Se trata de ser capaces de no dominar la situación y permanecer en nuestra impotencia, para que sea allí, y no en otra parte, donde tome fuerza Dios. La oración es también experiencia de salvación.
Nuestro proyecto personal de oración debe ser sustituido por la acción de Dios, para en cierto modo perdernos en ella.
No ser dueños
Podemos sentir que Dios nos quita la capacidad de orar. Pero puede suceder, a veces, que Él nos quiere decir que nos espera en otra parte. La oración todavía se nos dará, pero de una forma más profunda.
Cuando nos iba bien en la oración deseábamos la gracia para ser capaces de orar, pero teníamos también la impresión de que poseíamos ya un poco la oración, que éramos dueños. Nuestros esfuerzos no habían sido inútiles.
Ahora Dios prefiere plantearnos el problema de otra manera. La oración a la que nos invita es la oración suya. Es pura gracia. No tenemos ningún poder sobre ella.
Lo único que podemos hacer es abrir nuestras manos y nuestro corazón para que la oración brote como un don allí donde Él quiere dárnosla.

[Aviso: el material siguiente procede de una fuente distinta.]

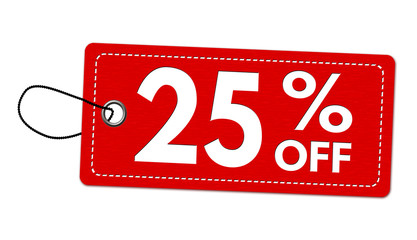 Special offer 25% off label or price tag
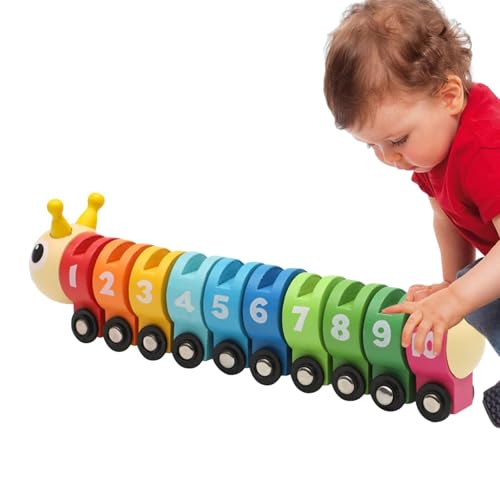 Caterpillar Contando Klassisches Spielzeug, Zählspielzeug aus , Entwicklung von mathematischem Spielzeug, kognitive pädagogische Lernspielzeug, bunter Radzug, Farberkennungsset für die Bildung von Genérico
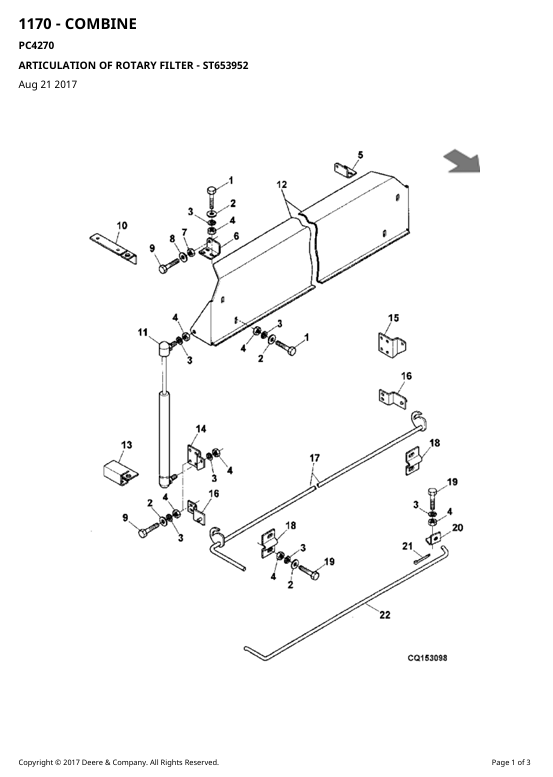 John Deere 1170 Harvester Parts Catalogue & Repair Manual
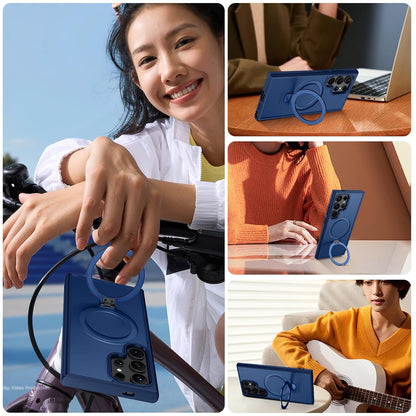 Samsung Galaxy S26 Ultra Magnetic Ring with Magsafe Scratchproof Translucent Matte Kickstand Case - Blue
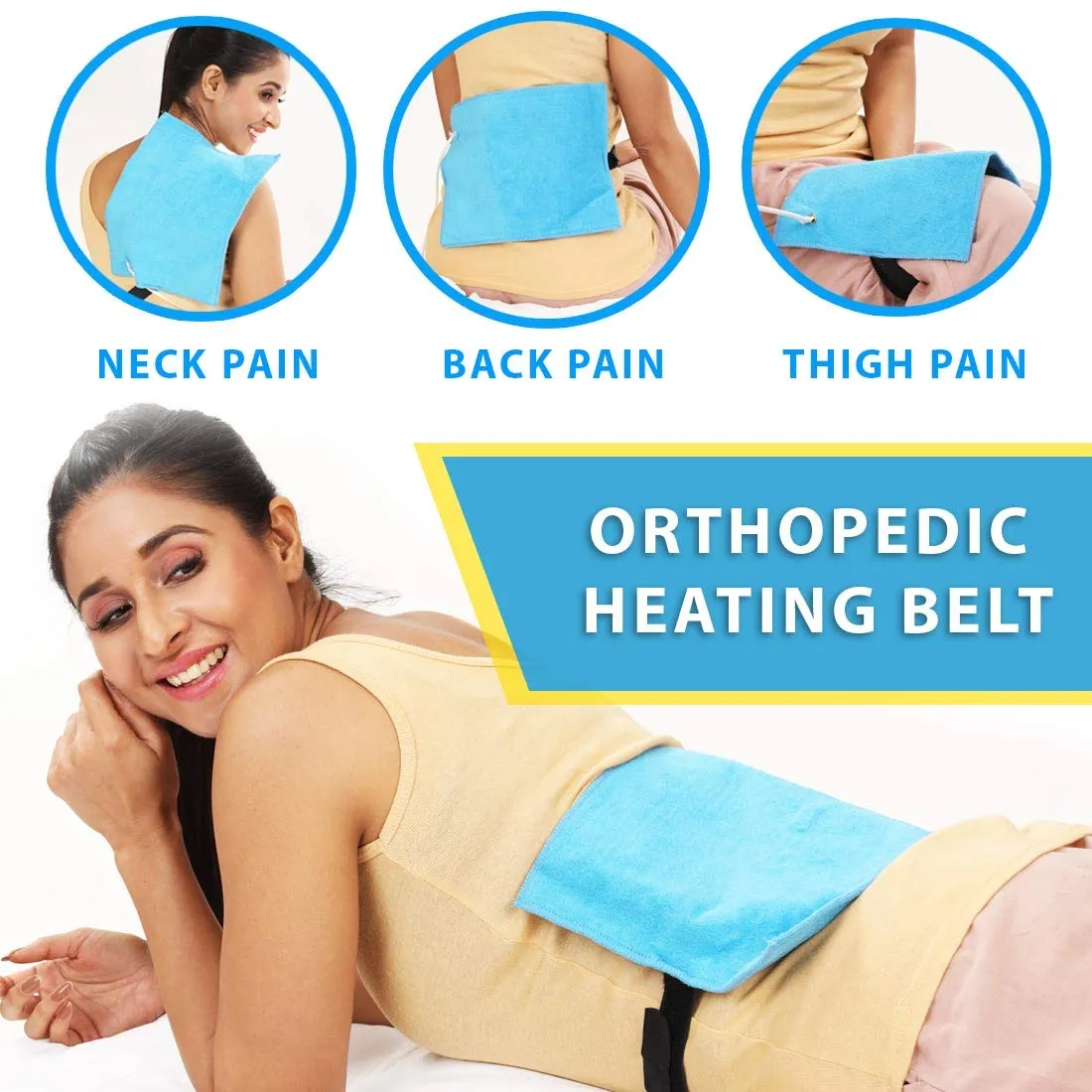 Electric Heating Pad (Size : Regular, 25cm X 20cm) for Period Cramps Back Pain Relief with Velcro Strap Handsfree Use Multipurpose for Back, Shoulder & Legs Pain Relief with Adjustable Temperature JSB H03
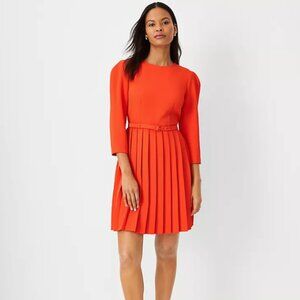 Ann Taylor Pleated Belted Flare Dress Orange/Red 0P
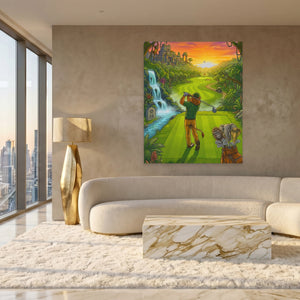 Lion on the Jungle 16th canvas wall art, room view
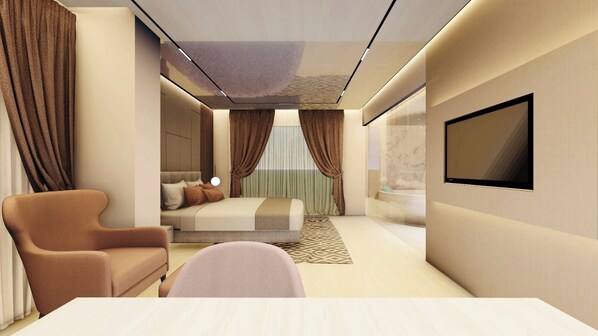 In-room safe, desk, laptop workspace, blackout drapes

No volver sobre nuestros pasos, no aferrarnos a los métodos que en otro tiempo nos habían servido, no quedarnos en nuestro entendimiento, en nuestra imaginación o en nuestros sentimientos. Estas facultades deberán quedarse tranquilas, estar por así decirlo, desconectadas. Cuanto mayor esfuerzo hacemos, menos posibilidades tiene la oración de brotar en nosotros.
Permanecer en el callejón sin salida esperando que nos suceda algo.
Para orar más y mejor, es preciso hacer menos nosotros mismos y entregranos al Espíritu Santo para que brote en nosotros y nos arrastre.